WHAT YOU ARE ASKED TO DO:
The reply should contain all the data below, repeated exactly, and none of the images.

AVAILABLE DATA:
--- START ---

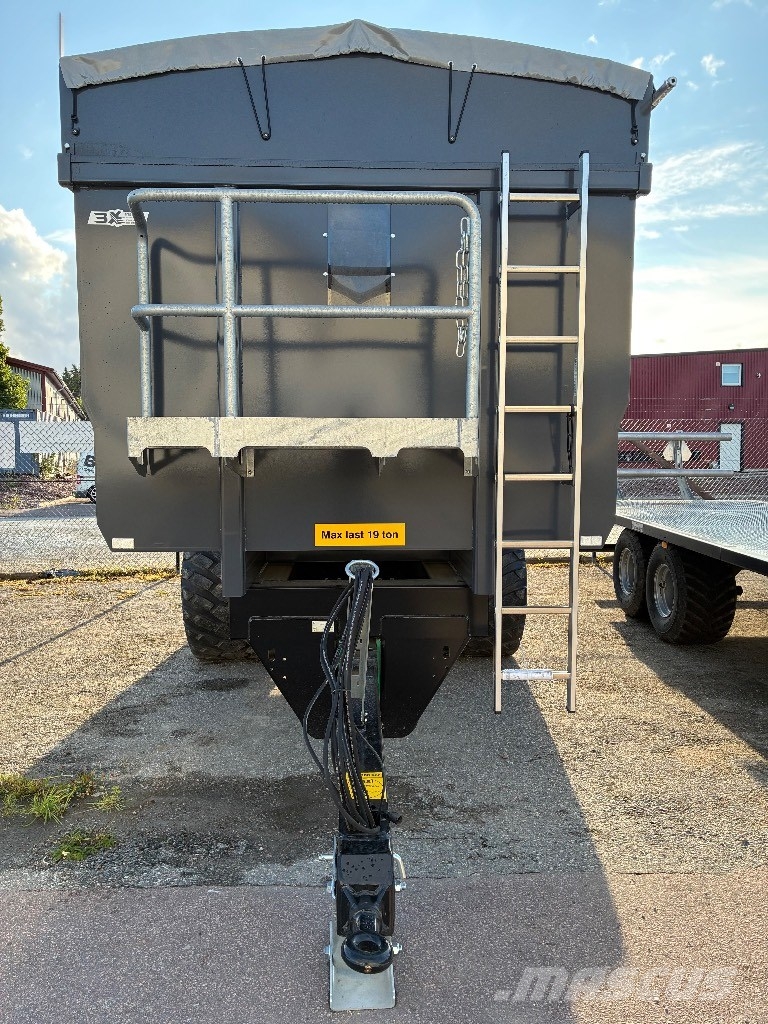 Palmse Trailer D1922 volym 26,6 kubik Kampanj Carros de trasladar grano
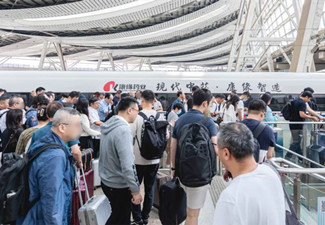 29.33億!這9個月的高鐵上，人人人人人人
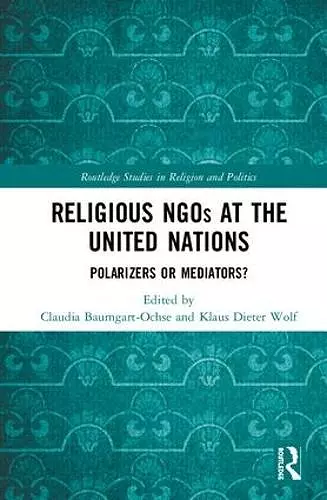 Religious NGOs at the United Nations cover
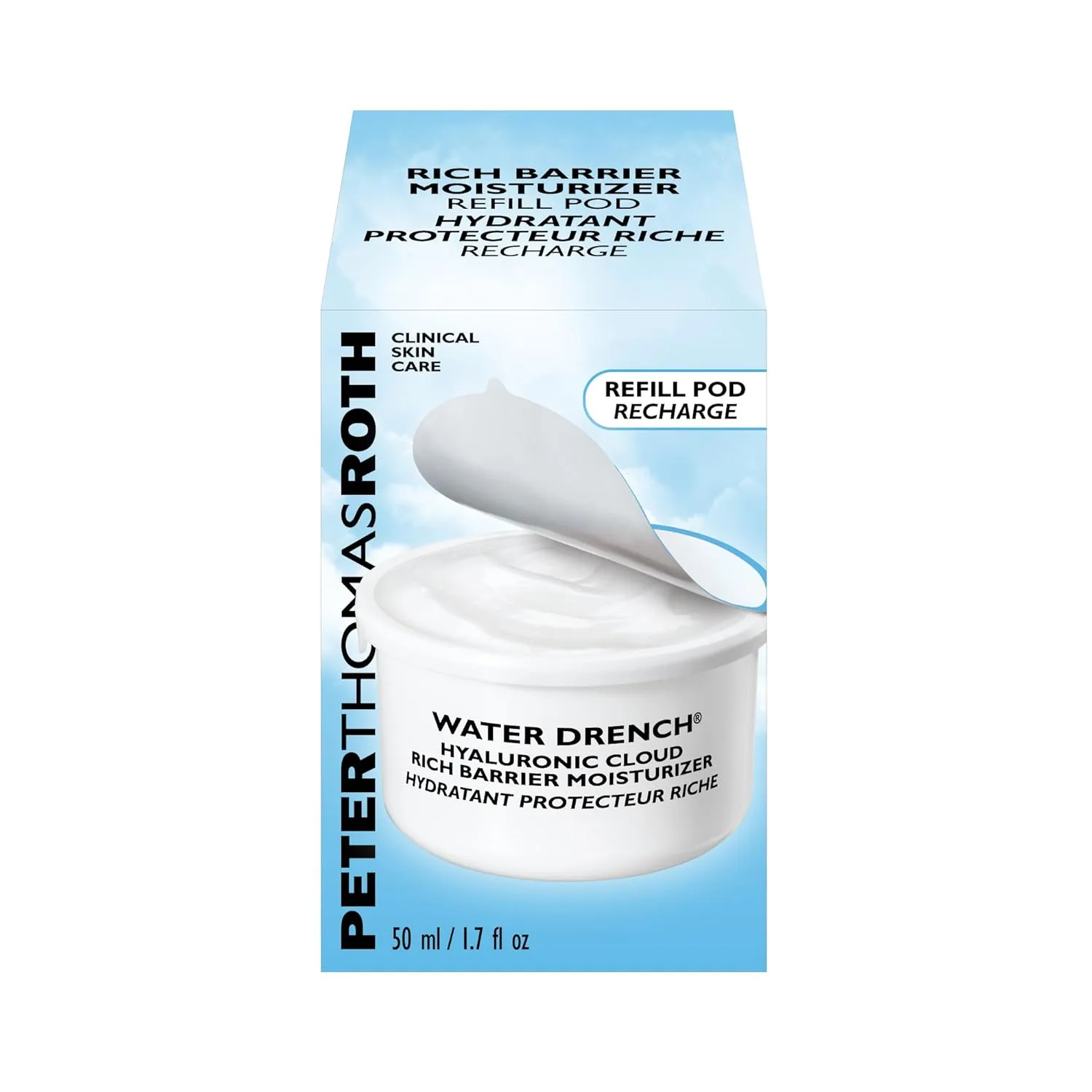 Крем для лица Peter Thomas Roth — | Сменный картридж для увлажняющего крема Water Drench Hyaluronic Cloud Rich Barrier — фото 2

--- END ---

WRITTEN RESPONSE:
 Palmse Trailer D1922 volym 26,6 kubik Kampanj Carros de trasladar grano
 29.33億!這9個月的高鐵上，人人人人人人
 Religious NGOs at the United Nations cover
 Крем для лица Peter Thomas Roth — | Сменный картридж для увлажняющего крема Water Drench Hyaluronic Cloud Rich Barrier — фото 2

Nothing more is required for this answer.